Sende­unter­nehmen (also Radio- oder TV-Stationen) müssen für bestimmte euro­pau­nions­weit verbrei­tete Internet-Ange­bote die Rechte nur noch für den Mitglied­staat der Euro­päi­schen Union erwerben, in dem der Sender seinen Sitz hat.

Nicht alle sind glück­lich

In einer Erklä­rung bedauert die Bundes­regie­rung, dass es nicht gelungen sei, ein Konzept zur urhe­ber­recht­lichen Verant­wort­lich­keit von Upload-Platt­formen zu verab­reden, "das in der Breite alle Seiten über­zeugt".

Insbe­son­dere die Verwen­dung von "Upload-Filtern", die auto­mati­siert "recht­lich heikles" Mate­rial heraus­fil­tern sollen und stark fehler­behaftet sein dürften, stößt auf massive Kritik und Ableh­nung.

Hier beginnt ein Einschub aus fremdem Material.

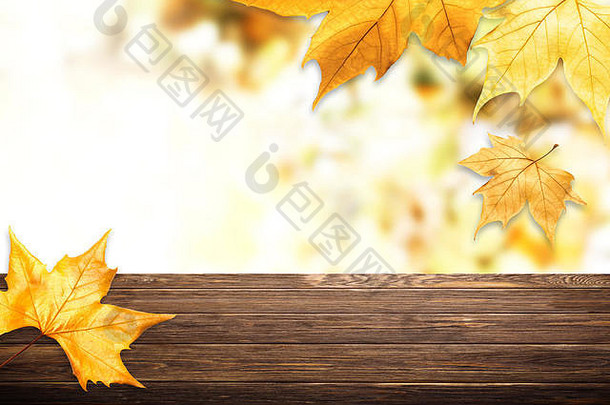 背景黄色的枫木叶子аutumnal彩色的框架秋天叶子软焦点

Eine Einschät­zung (von Henning Gajek)

Wenn es um Rechte geht, betritt man schnell vermintes Gelände. Nach­voll­ziehbar ist, dass ein Schrift­steller, Kompo­nist oder Musiker seine Arbeit vergütet haben muss, beson­ders in der aktu­ellen Lage. Schwie­riger wird schon die Lage, wenn milli­arden­schwere Konzerne auf Rechten bestehen, die sich dem End-Nutzer nicht sofort erschließen. Und schwierig bleibt die Lage für kleine unbe­kannte Künstler, die nicht bei großen Rechte-Konzernen unter Vertrag stehen. Wir werden bald von krassen Fällen lesen, wo die als "notwendig" betrach­teten "Upload-Filter" falsche Ergeb­nisse liefern und für Spott und Häme sorgen und die berech­tigte Kritik weiter befeuern werden.

Eins dürfte sicher sein: Das Thema bleibt bren­nend und es wird sicher früher oder später höchst­rich­ter­liche Urteile dazu geben, dann könnte das Thema wieder auf Tages­ord­nung kommen.